The size of the in-memory mapping table will be reduced when its entries become “obsolete” because they are no longer used by any block pointers in the pool. An entry becomes obsolete when all the blocks that use it are freed. An entry can also become obsolete when all the snapshots that reference it are deleted, and the block pointers that reference it have been “remapped” in all filesystems/zvols (and clones). Whenever an indirect block is written, all the block pointers in it will be “remapped” to their new (concrete) locations if possible. This process can be accelerated by using the “zfs remap” command to proactively rewrite all indirect blocks that reference indirect (removed) vdevs.

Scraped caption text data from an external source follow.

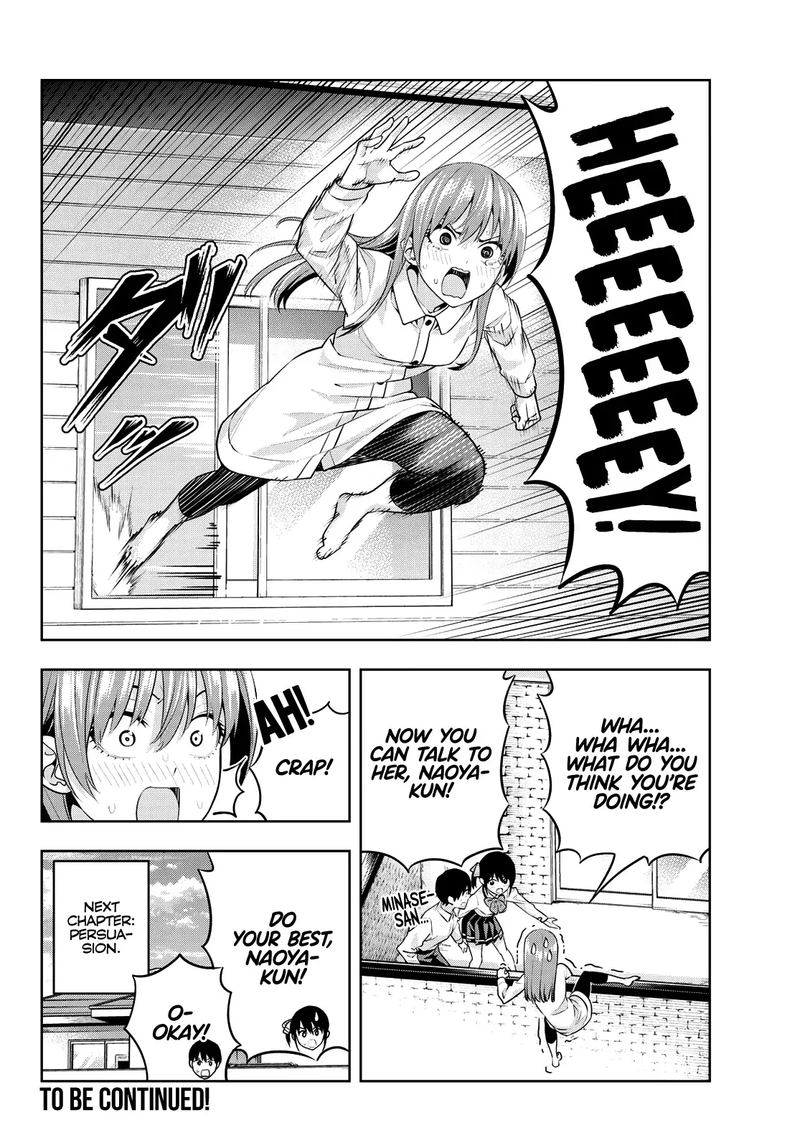 Kanojo Mo Kanojo 10 14
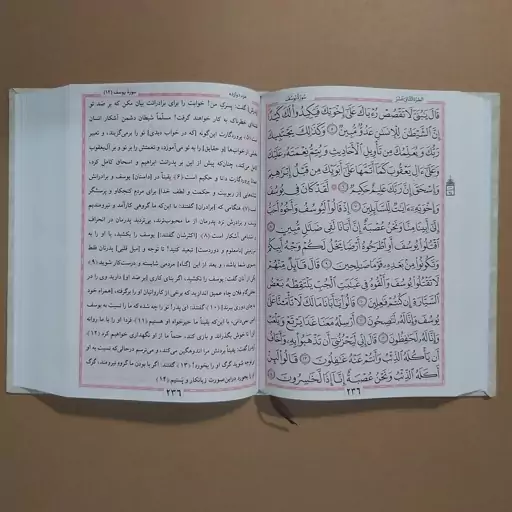 قرآن کریم خط عثمان طه ترجمه مقابل انصاریان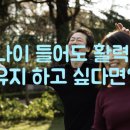 부민 | 오한진백세알부민 효과 후기 가격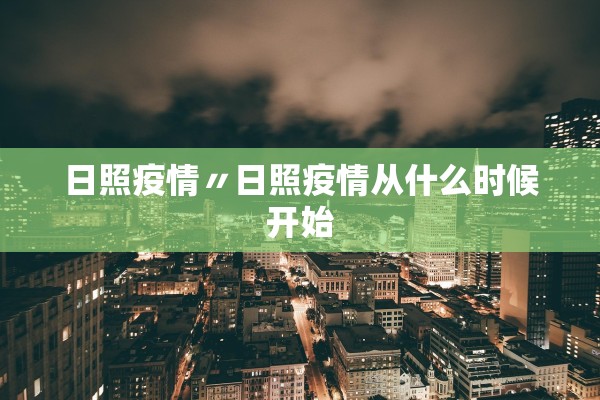 日照疫情〃日照疫情从什么时候开始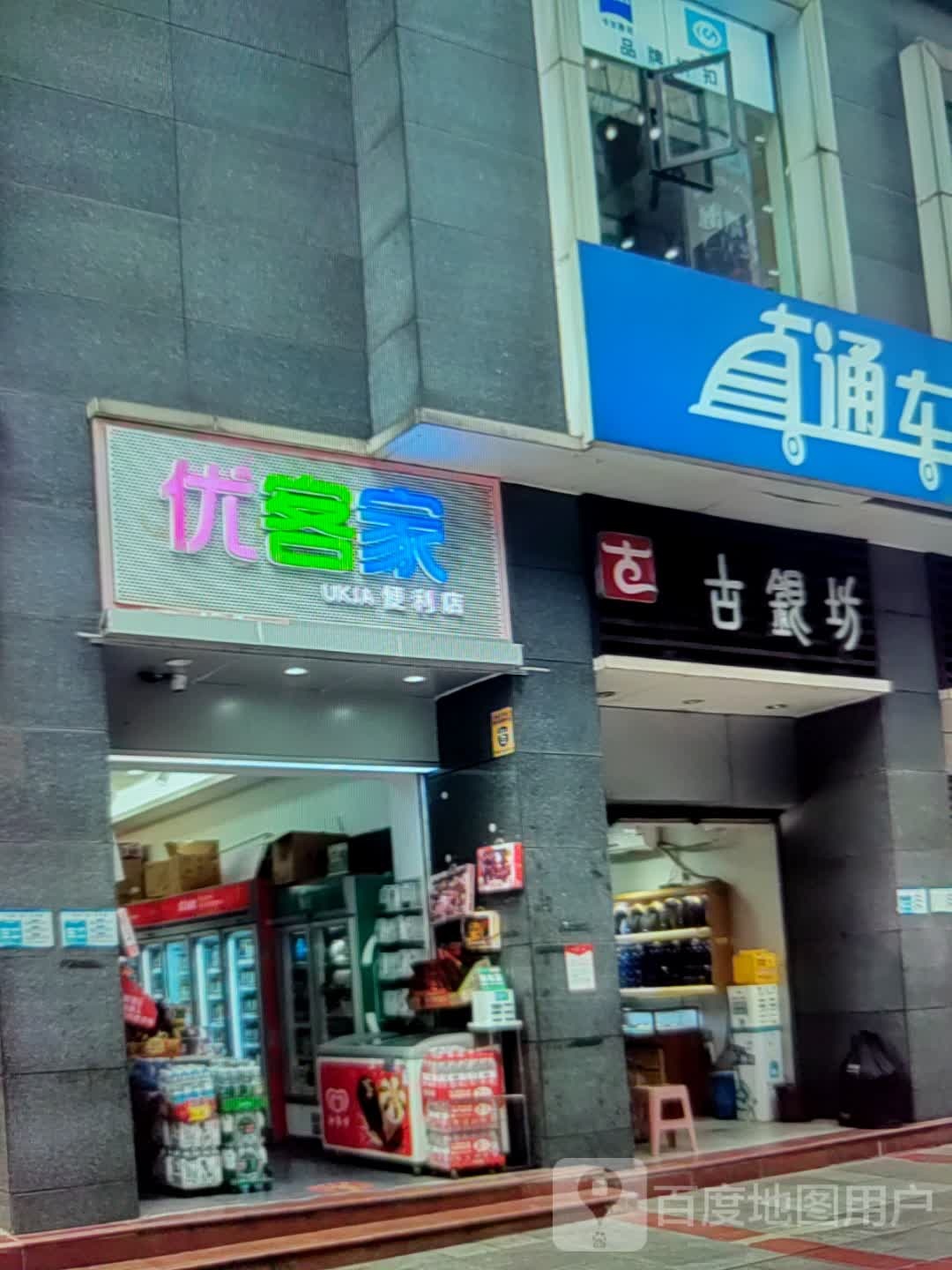 优客家(奥莱购物广场店)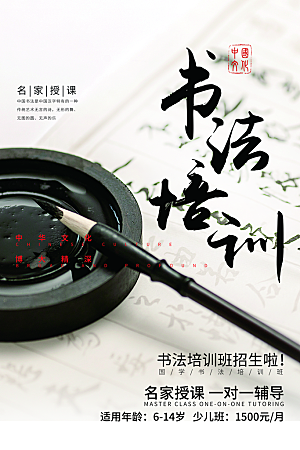 清新书法班培训宣传海报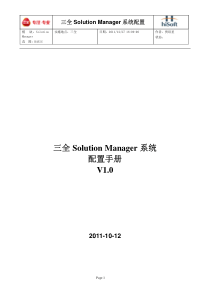 Solution Manager管理配置手册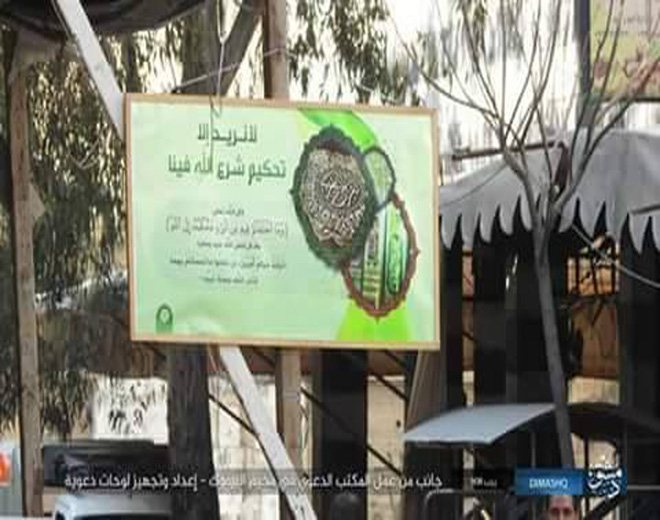 بالصور: "داعش" تعلق عدداً من اليافطات تحث أهالي اليرموك على الالتزام بتطبيق تعاليم الدين الإسلامي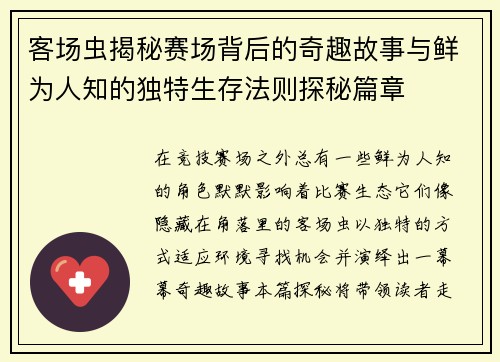 客场虫揭秘赛场背后的奇趣故事与鲜为人知的独特生存法则探秘篇章 客场虫揭秘赛场背后的奇趣故事与鲜为人知的独特生存法则探秘篇章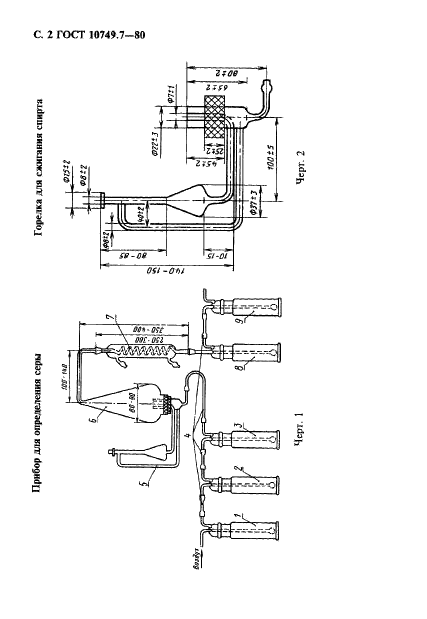 ГОСТ 10749.7-80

Note that when a device is removed, we do not verify the checksum of the data that is copied. This makes the process much faster, but if it were used on redundant vdevs (i.e. mirror or raidz vdevs), it would be possible to copy the wrong data, when we have the correct data on e.g. the other side of the mirror. Therefore, mirror and raidz devices can not be removed.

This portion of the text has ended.